Não fosse trágico, o caso de a oposição ao prefeito Gustavo Fruet na Câmara Municipal de Curitiba ser representada pela "bancada" da única vereadora eleita pelo PMDB, Noêmia Rocha, bem que poderia ser risível. Entretanto, é esse o retrato triste da atração fatal que o Executivo exerce sobre o Legislativo – poder este que tem dentre suas principais funções justamente a de fiscalizar os atos daquele – porque, dos 38 eleitos em outubro passado, 37 decidiram aderir ao situacionismo mais ou menos escancarado.

Ao ser "líder" de uma minoria de um só, a vereadora fica sem condições de exercer as mínimas prerrogativas de competência da oposição. Dificilmente conseguirá quóruns para simples pedidos de informação, muito menos reunir um terço das assinaturas de colegas, proporção regimentalmente necessária para convocar comissões parlamentares de inquérito. Logo, na prática, inexiste oposição ao novo prefeito na Câmara.

Não foi essa a vontade do milhão de curitibanos que acorreu às urnas de outubro passado. Contados os votos, os partidos que apoiaram Gustavo Fruet elegeram somente oito vereadores.

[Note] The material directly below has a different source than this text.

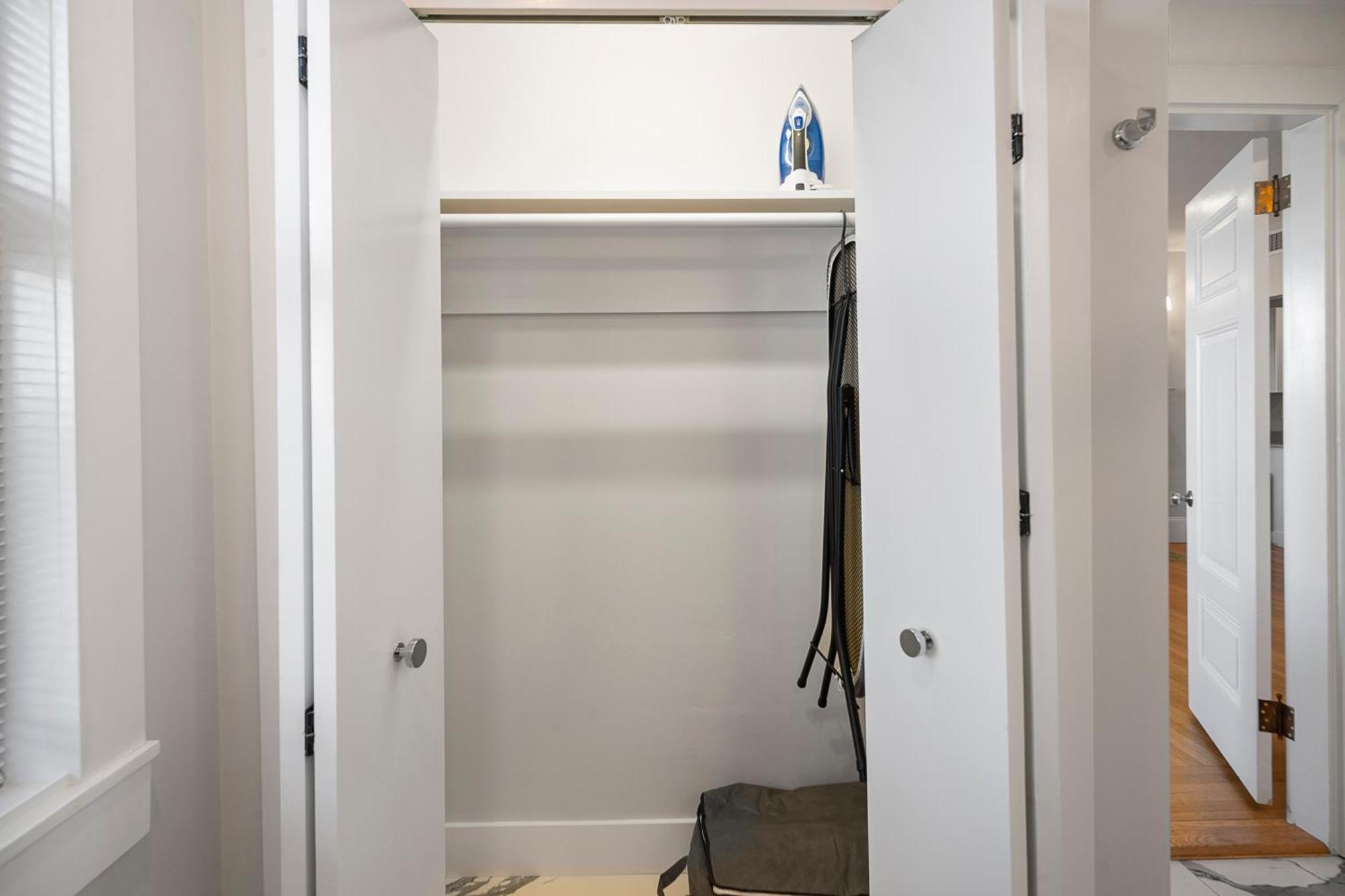 Charlesgate Suites Boston Kültér fotó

Os demais compuseram as coligações que sustentaram a candidatura do adversário Ratinho Jr. (PSC) e os que defendiam a reeleição do ex-prefeito Luciano Ducci, e que agora se dizem "independentes" – ou seja, estão dispostos a seguir, quando for o caso (e quase sempre "é o caso"), a orientação que emanar do Palácio 29 de Março.

Mas o adesismo indiscriminado não chega a surpreender. Em agosto, esta Gazeta do Povo ouviu 29 dos 35 vereadores que buscavam a reeleição no pleito de outubro. Metade dos entrevistados admitia a possibilidade de estar na base de apoio do futuro prefeito, independentemente de quem fosse e das coligações feitas para disputar a eleição.

Que milagre de transmutação das espécies é este que se dá na formação das maiorias parlamentares? Que razões tão eloquentes fazem que posturas políticas da véspera não resistam até o dia seguinte? Não é difícil entender como o milagre ocorre independentemente de quem seja o santo de plantão. Trata-se de um hábito cada vez mais arraigado – fruto da baixa compreensão do próprio papel institucional que possuem – que os parlamentos brasileiros de quaisquer níveis ou esferas se submetam docilmente ao Executivo.

É mais importante para a maioria dos parlamentares (sejam eles vereadores, deputados ou senadores) estar "bem" com os prefeitos, governadores ou presidentes que exercer sobre eles o poder constitucional de fiscalizá-los. Porque é dos pretensos fiscalizados a propriedade da caneta que libera emendas orçamentárias paroquiais e as autorizações para a prestação de pequenos favores a eleitores e cabos eleitorais. É desses currais e das pessoas favorecidas de que se alimentam os parlamentares para garantir-lhes a próxima eleição.

A Câmara Municipal de Curitiba, com oposição representada por um só de seus membros, não chega a se constituir exceção. Do mesmo mal, em proporção não muito diferente, sofrem a Assembleia Legislativa do Paraná e o próprio Congresso Nacional. No plano estadual, dentre os 54 deputados, apenas seis representam oficialmente a bancada oposicionista. Na Câmara Federal, os deputados da oposição são pouco mais de uma centena. Neste último caso, pela primeira vez desde o regime militar de 1964, a oposição não conta com número para propor uma CPI.

O mensalão, que ficou conhecido como um esquema de repasse de créditos financeiros diretos e ilegais às contas de partidos e parlamentares, foi apenas uma modalidade mais escandalosa de um mesmo sistema entranhado quase desde sempre nas relações entre Executivo e Legislativo. No fundo, a sede de receber benefícios de aparência legal – como a aprovação de emendas ou facilidades para transitar em gabinetes – constitui outra modalidade, mas cujo resultado é o mesmo: a submissão consentida dos fiscais pelos fiscalizados.